== Goal of the exercise ==
Your answer should consist only of the lines below from the one with "Buddha Stones Cotton" through the one with "Polo de solapa", copied exactly.

== Records excerpted from a collection ==
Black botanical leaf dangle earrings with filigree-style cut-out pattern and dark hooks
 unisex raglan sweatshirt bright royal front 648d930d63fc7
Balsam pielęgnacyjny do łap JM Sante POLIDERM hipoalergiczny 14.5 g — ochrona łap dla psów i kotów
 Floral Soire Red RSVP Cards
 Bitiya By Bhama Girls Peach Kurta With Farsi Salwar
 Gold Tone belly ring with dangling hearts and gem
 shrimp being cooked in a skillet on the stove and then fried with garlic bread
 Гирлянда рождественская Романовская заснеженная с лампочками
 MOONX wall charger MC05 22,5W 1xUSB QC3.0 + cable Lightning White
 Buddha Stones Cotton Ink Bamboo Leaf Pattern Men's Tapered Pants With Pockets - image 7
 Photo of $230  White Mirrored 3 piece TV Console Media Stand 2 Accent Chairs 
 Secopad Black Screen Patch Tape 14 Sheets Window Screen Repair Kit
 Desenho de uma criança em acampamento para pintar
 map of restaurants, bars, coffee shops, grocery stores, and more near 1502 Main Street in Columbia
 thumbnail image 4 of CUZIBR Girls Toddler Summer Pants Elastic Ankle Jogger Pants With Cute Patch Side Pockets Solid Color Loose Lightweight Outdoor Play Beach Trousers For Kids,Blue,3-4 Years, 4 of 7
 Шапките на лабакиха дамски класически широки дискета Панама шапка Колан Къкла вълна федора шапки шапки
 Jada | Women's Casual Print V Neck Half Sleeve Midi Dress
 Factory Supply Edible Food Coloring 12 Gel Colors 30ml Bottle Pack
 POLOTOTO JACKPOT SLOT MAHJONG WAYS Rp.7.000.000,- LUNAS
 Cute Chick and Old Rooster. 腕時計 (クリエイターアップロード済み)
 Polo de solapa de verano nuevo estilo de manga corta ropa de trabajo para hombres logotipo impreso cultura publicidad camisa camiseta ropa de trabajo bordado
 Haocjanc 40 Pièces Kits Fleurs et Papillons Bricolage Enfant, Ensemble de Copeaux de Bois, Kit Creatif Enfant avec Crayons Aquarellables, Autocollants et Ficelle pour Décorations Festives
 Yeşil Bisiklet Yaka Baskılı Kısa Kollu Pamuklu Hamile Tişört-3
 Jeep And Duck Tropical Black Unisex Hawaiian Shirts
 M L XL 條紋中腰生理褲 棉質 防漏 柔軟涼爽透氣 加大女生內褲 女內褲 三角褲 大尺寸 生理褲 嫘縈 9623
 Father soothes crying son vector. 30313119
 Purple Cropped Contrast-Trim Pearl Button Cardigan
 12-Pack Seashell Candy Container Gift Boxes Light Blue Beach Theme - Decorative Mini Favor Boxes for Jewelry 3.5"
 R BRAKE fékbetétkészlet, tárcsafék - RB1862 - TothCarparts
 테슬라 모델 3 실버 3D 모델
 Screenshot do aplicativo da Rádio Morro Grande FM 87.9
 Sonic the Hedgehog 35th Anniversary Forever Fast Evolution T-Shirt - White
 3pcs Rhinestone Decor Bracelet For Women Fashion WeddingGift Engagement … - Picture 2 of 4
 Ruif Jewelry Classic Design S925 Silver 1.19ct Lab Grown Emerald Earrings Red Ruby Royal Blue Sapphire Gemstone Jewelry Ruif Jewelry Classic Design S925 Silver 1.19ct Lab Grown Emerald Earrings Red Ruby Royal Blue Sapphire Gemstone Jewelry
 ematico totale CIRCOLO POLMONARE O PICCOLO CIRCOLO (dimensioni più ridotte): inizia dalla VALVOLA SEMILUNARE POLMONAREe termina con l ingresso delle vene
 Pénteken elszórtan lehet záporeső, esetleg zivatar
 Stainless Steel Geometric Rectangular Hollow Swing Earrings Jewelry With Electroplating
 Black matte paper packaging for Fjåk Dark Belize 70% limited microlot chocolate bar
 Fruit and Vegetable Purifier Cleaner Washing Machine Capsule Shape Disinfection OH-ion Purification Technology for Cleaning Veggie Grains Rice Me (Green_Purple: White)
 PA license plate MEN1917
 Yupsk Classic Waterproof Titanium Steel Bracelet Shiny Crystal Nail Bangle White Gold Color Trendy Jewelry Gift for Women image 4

== Result ==
 Buddha Stones Cotton Ink Bamboo Leaf Pattern Men's Tapered Pants With Pockets - image 7
 Photo of $230  White Mirrored 3 piece TV Console Media Stand 2 Accent Chairs 
 Secopad Black Screen Patch Tape 14 Sheets Window Screen Repair Kit
 Desenho de uma criança em acampamento para pintar
 map of restaurants, bars, coffee shops, grocery stores, and more near 1502 Main Street in Columbia
 thumbnail image 4 of CUZIBR Girls Toddler Summer Pants Elastic Ankle Jogger Pants With Cute Patch Side Pockets Solid Color Loose Lightweight Outdoor Play Beach Trousers For Kids,Blue,3-4 Years, 4 of 7
 Шапките на лабакиха дамски класически широки дискета Панама шапка Колан Къкла вълна федора шапки шапки
 Jada | Women's Casual Print V Neck Half Sleeve Midi Dress
 Factory Supply Edible Food Coloring 12 Gel Colors 30ml Bottle Pack
 POLOTOTO JACKPOT SLOT MAHJONG WAYS Rp.7.000.000,- LUNAS
 Cute Chick and Old Rooster. 腕時計 (クリエイターアップロード済み)
 Polo de solapa de verano nuevo estilo de manga corta ropa de trabajo para hombres logotipo impreso cultura publicidad camisa camiseta ropa de trabajo bordado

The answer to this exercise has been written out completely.